Five years ago today we took the last picture. We were on our way home from Disney and a day away from our first appointment at MD Anderson. Of course we didn’t know it was the last picture…that’s why the happiness in those two faces is real.
It’s hard to believe it’s been five years. I can close my eyes and it feels like yesterday. It feels like now. Only he’s not here and he hasn’t been for years. It only takes a look at Grayson’s height and the lines in my face to have proof of the passage of time. It’s in our hearts that the time passes so much more slowly. It’s like geologic time. It moves so slowly and grindingly that the passage of time is almost imperceptible.
Who knew in those first few months that passed like decades – so slowly that you thought you’d never survive it…who knew how quickly time would move and suddenly five years would have passed. I remember a conversation with Michele about 4 years ago. I told her I couldn’t imagine making it to 5 years. What would that look like?

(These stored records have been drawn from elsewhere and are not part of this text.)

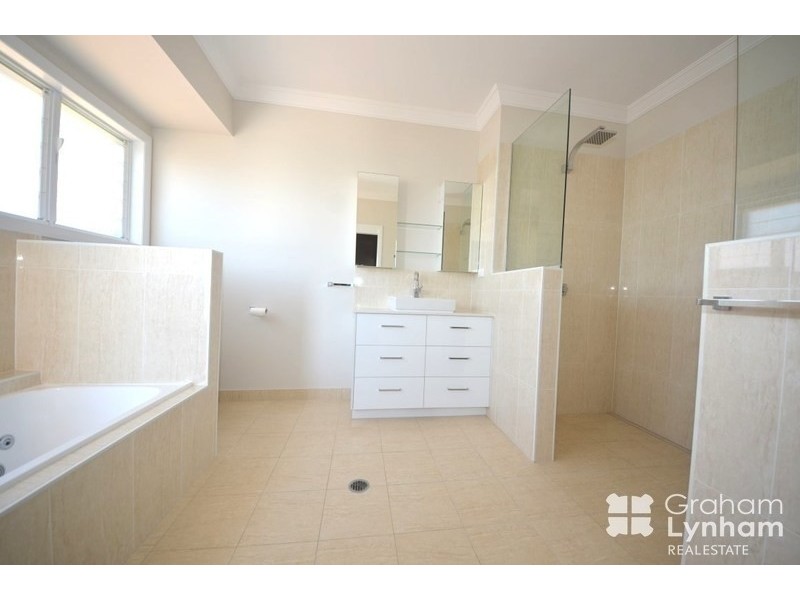 6  Kallanda Street, Mount Louisa QLD 4814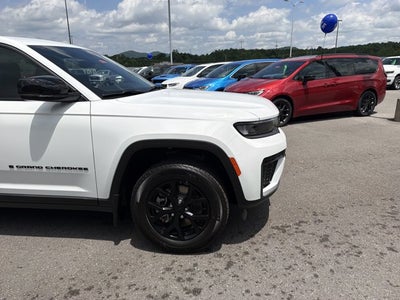 2026 Jeep Grand Cherokee L Laredo Altitude
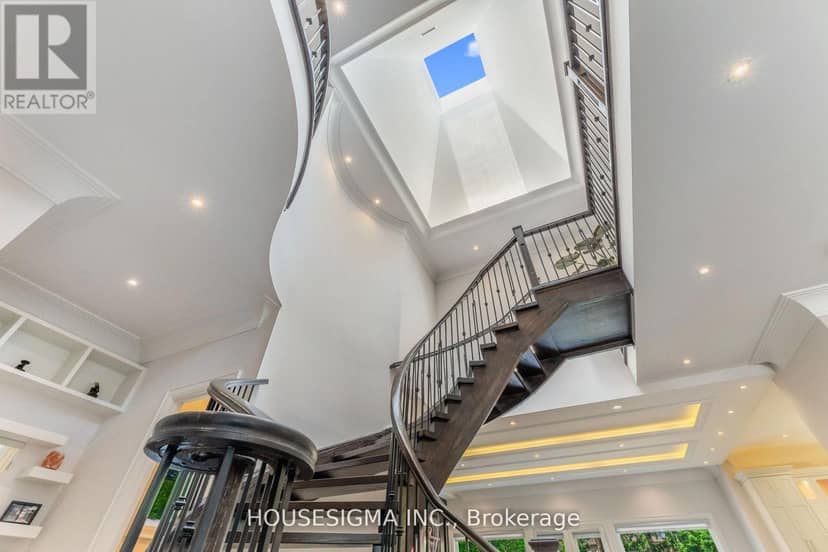 102 Oxford Street — photo 20 of 40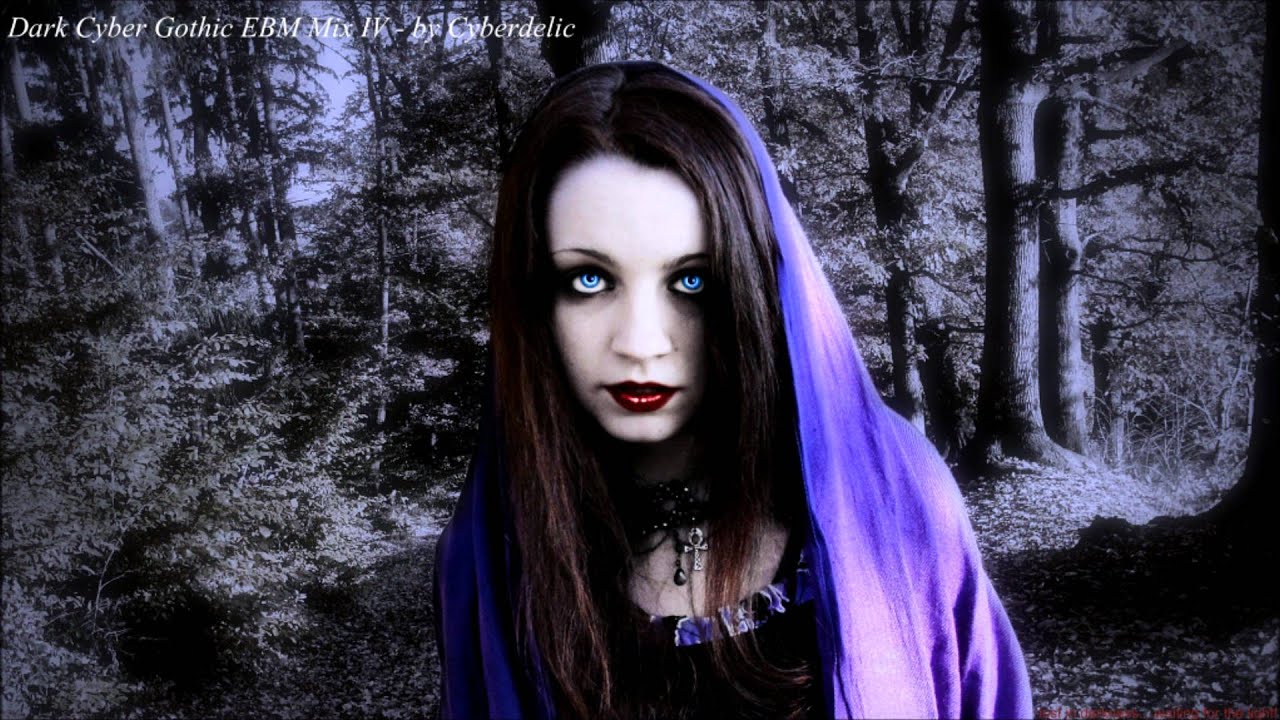 The Gothic Queen Lovely Woman 107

Funny thing is that it doesn’t look so different in lots of ways. I am older and so is G. We are happier now than we were 5 years ago, that is certain. We are somewhat peaceful about the path that we are on, although we each have our days of angst and missing Daniel. We talk about it. We wish out loud that he could be alive. We wonder out loud why it all had to happen. We also talk about how great our life is and how lucky we are. It’s a paradox. You’d think with what we’ve experienced neither one of us would feel terribly blessed. We are and we know it. I find hope in that. I believe my little guy does too.